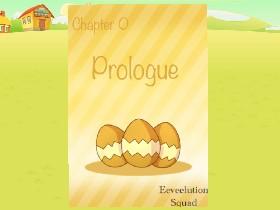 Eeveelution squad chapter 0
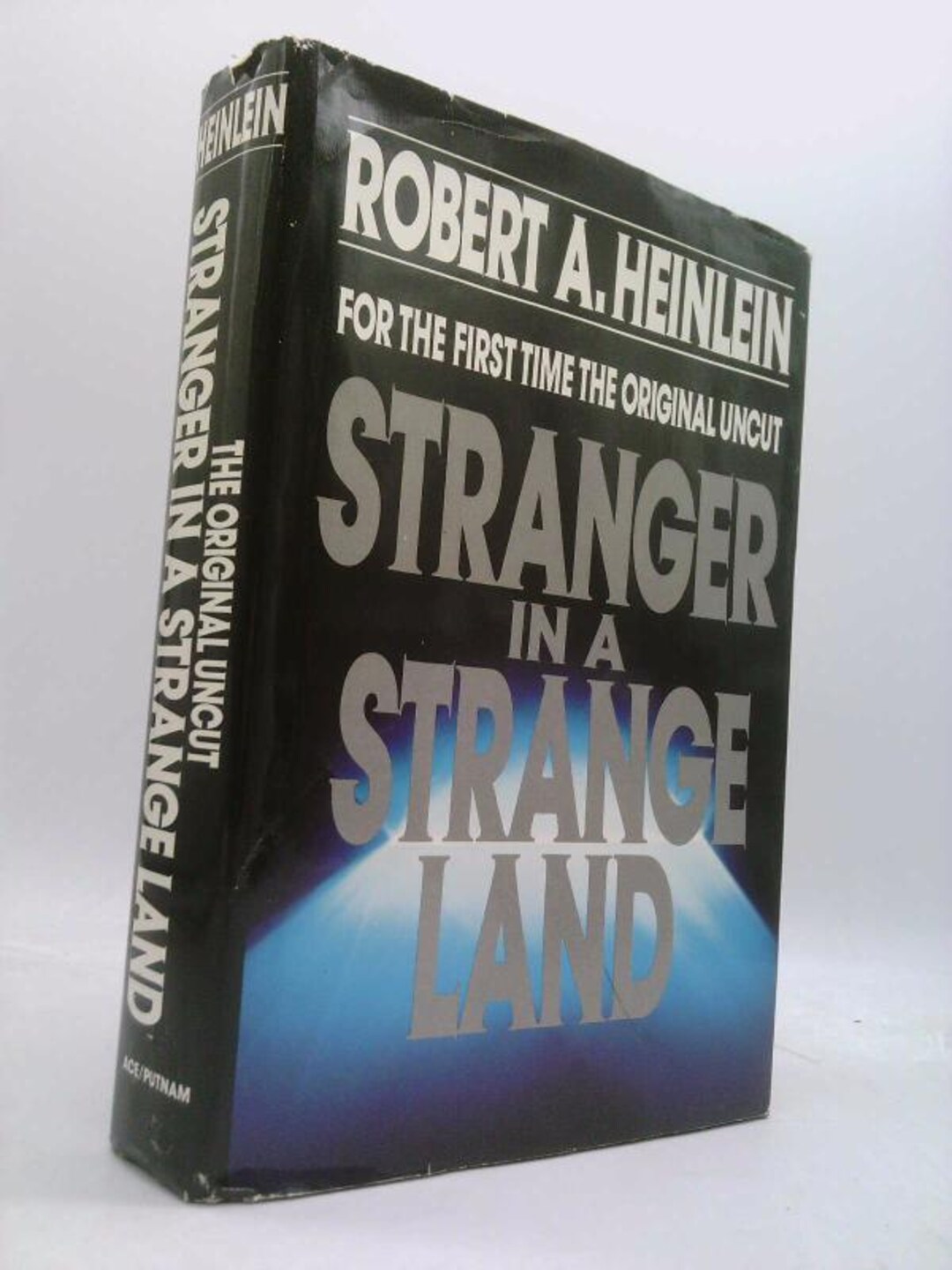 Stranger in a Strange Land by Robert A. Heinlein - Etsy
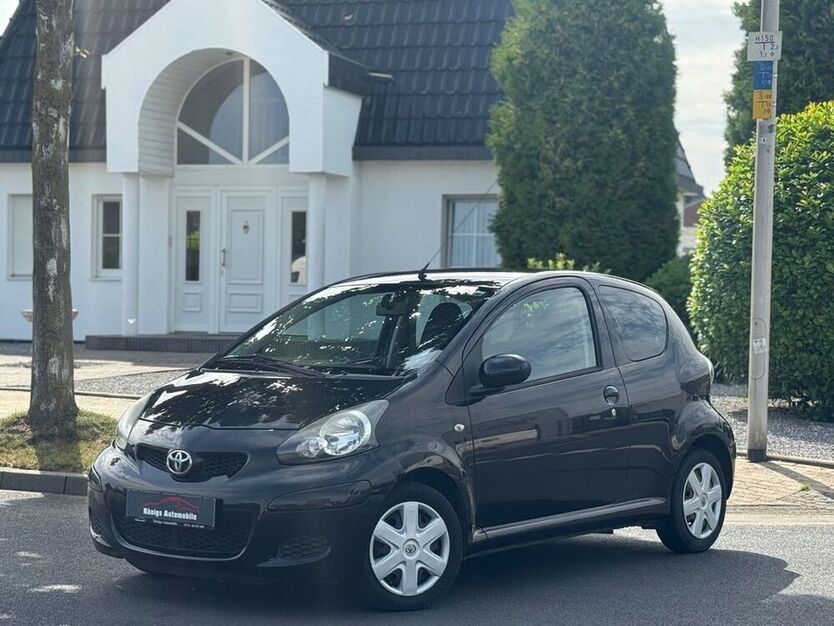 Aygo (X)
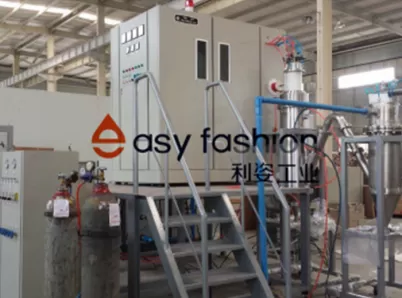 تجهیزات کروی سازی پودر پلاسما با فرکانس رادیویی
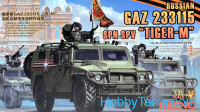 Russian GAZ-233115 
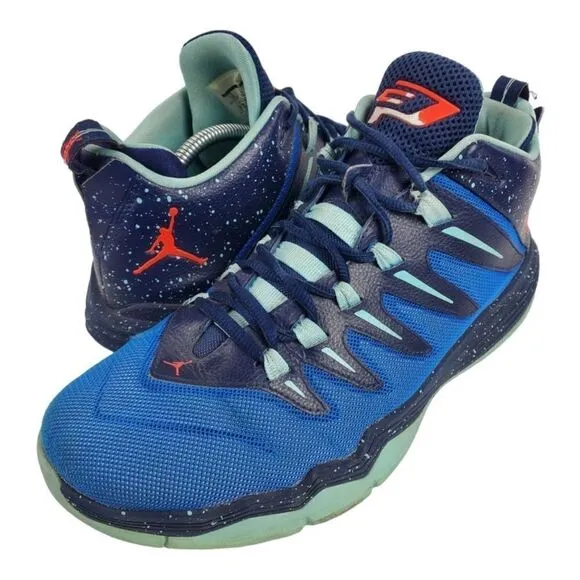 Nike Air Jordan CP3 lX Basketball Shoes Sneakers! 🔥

[Assignment] Starting with the line that holds "تجهیزات کروی سازی", print each line through the last one of the data exactly as written, but do not include the pictures.

[Worked solution]
 تجهیزات کروی سازی پودر پلاسما با فرکانس رادیویی
 Russian GAZ-233115 
 Nike Air Jordan CP3 lX Basketball Shoes Sneakers! 🔥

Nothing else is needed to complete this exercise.